Dataset section —
━━━━━━━━━━━━━━━━

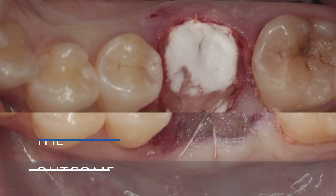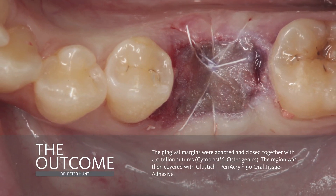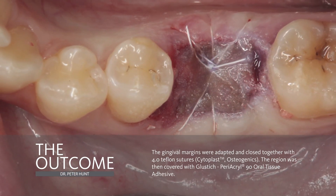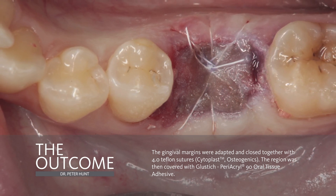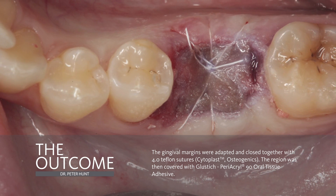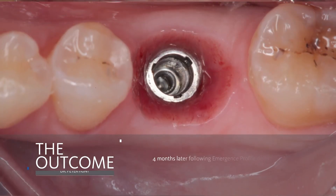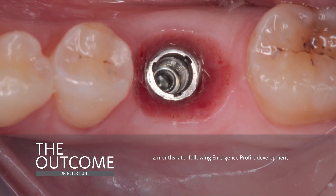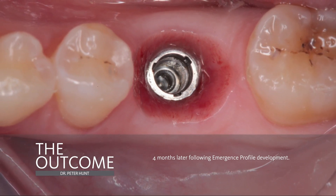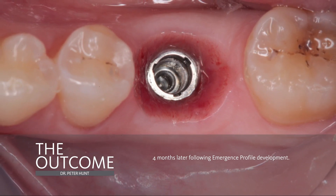At this time, you can see that I've sutured across the top of the mucograft membrane. And it's all one time, so it pulls tight. I am not trying to advance the flaps over the whole socket, just to hold the whole thing together. And here you see the emergence profile that we've been able to develop. And you can see that we have great emergence form, and we have been able to reproduce the anatomy of a tooth coming up out of the soft tissue complex.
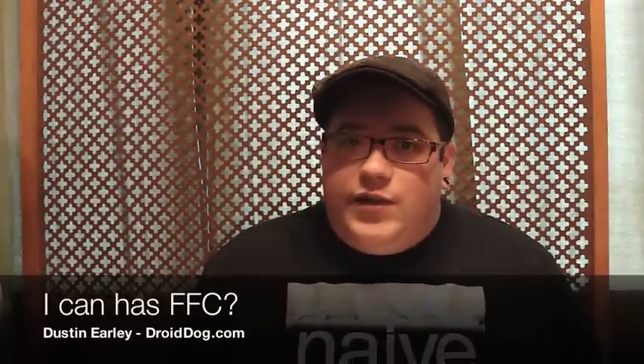Hey guys, what's going on? It's Dustin Early from DroidDog.com here, and today I'm going to be showing you video proof that I have a front-facing camera working in my Samsung Vibrant.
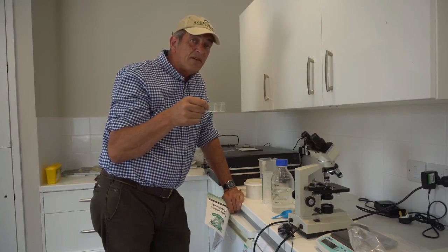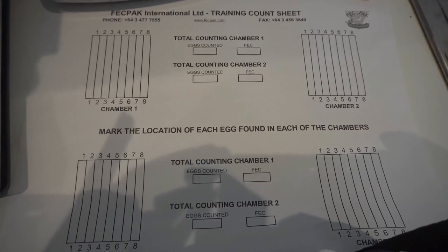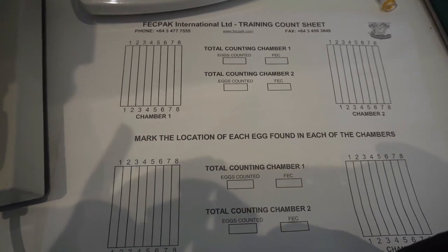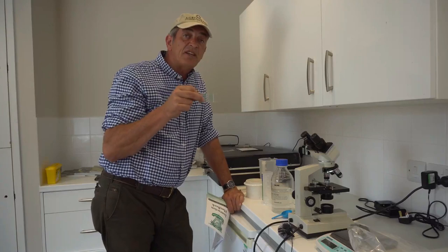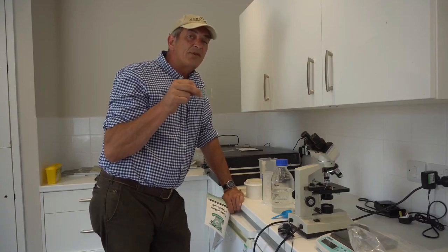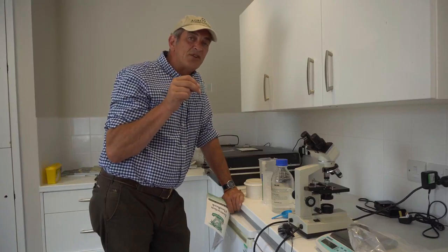You then look at a very simple graph which tells you exactly whether there are enough parasites to be burdening the sheep or affecting the thriftiness of its growth or its gut health. And then you have absolute evidence that your sheep require a drench.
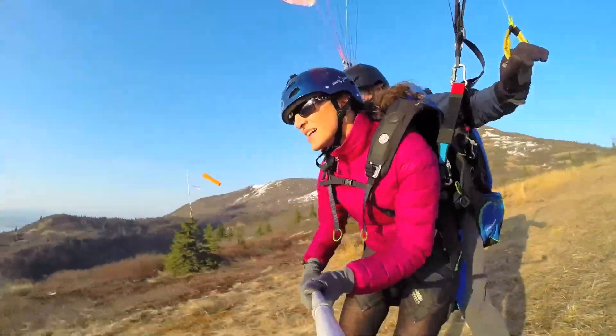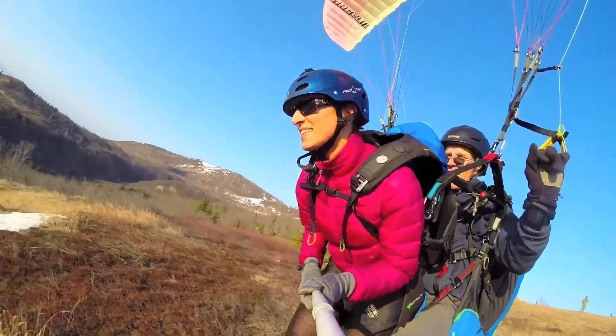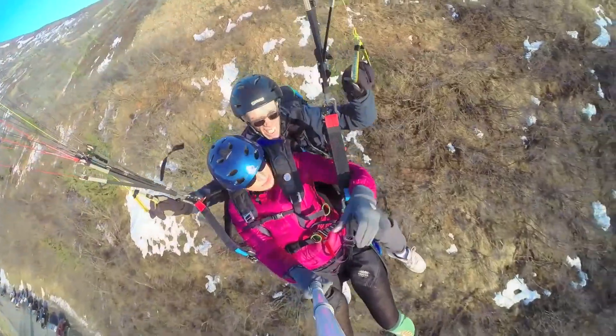Don't be fooled by that lifting feeling and jump into your seat too early. When the instructor is confident that you are flying, he will then coach you how to get back in your seat correctly and put your arms behind your risers.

━━━━━━━━━━━━━━━━

Problem requirements — Starting at the line that contains "Hey guys, what's", restate each line verbatim through the final line of the listing, skipping all pictures.

Answer space —
Hey guys, what's going on? It's Dustin Early from DroidDog.com here, and today I'm going to be showing you video proof that I have a front-facing camera working in my Samsung Vibrant.
You then look at a very simple graph which tells you exactly whether there are enough parasites to be burdening the sheep or affecting the thriftiness of its growth or its gut health. And then you have absolute evidence that your sheep require a drench.
Don't be fooled by that lifting feeling and jump into your seat too early. When the instructor is confident that you are flying, he will then coach you how to get back in your seat correctly and put your arms behind your risers.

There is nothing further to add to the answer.